What you need to do: Your answer should be only the lines below from the one with "Мед в сотах" to the one with "298 Haddam Moodus Rd", repeated exactly, ends included.
Information: Begin
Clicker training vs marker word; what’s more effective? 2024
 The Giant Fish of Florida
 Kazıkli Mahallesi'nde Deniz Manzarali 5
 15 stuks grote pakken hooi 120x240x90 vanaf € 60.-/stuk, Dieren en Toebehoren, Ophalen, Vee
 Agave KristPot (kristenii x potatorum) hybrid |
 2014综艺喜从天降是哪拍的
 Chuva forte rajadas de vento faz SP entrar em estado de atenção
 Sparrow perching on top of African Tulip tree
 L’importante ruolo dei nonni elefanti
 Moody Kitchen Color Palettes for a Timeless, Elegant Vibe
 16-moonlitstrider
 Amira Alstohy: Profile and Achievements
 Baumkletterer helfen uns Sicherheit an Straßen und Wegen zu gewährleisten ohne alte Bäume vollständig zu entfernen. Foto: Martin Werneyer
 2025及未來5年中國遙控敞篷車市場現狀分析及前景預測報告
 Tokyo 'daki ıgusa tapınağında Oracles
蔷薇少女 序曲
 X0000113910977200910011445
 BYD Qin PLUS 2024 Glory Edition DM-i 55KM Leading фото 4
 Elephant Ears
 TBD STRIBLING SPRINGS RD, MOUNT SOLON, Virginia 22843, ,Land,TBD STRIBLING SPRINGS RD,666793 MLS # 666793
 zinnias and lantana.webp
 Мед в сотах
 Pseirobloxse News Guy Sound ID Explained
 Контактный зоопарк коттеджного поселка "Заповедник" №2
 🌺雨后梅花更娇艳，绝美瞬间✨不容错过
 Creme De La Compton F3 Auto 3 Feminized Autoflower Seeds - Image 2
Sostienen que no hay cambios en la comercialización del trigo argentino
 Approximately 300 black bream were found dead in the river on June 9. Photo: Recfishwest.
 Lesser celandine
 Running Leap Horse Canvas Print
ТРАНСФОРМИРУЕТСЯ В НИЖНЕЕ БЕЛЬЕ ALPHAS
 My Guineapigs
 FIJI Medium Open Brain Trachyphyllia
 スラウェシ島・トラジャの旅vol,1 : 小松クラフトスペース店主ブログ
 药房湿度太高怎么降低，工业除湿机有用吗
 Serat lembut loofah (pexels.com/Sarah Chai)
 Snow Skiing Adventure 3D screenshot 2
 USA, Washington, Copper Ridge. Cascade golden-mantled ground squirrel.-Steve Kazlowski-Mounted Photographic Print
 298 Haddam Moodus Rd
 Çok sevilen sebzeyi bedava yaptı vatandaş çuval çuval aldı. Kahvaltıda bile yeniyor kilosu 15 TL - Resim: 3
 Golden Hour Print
Information: End
Exercise output:
 Мед в сотах
 Pseirobloxse News Guy Sound ID Explained
 Контактный зоопарк коттеджного поселка "Заповедник" №2
 🌺雨后梅花更娇艳，绝美瞬间✨不容错过
 Creme De La Compton F3 Auto 3 Feminized Autoflower Seeds - Image 2
Sostienen que no hay cambios en la comercialización del trigo argentino
 Approximately 300 black bream were found dead in the river on June 9. Photo: Recfishwest.
 Lesser celandine
 Running Leap Horse Canvas Print
ТРАНСФОРМИРУЕТСЯ В НИЖНЕЕ БЕЛЬЕ ALPHAS
 My Guineapigs
 FIJI Medium Open Brain Trachyphyllia
 スラウェシ島・トラジャの旅vol,1 : 小松クラフトスペース店主ブログ
 药房湿度太高怎么降低，工业除湿机有用吗
 Serat lembut loofah (pexels.com/Sarah Chai)
 Snow Skiing Adventure 3D screenshot 2
 USA, Washington, Copper Ridge. Cascade golden-mantled ground squirrel.-Steve Kazlowski-Mounted Photographic Print
 298 Haddam Moodus Rd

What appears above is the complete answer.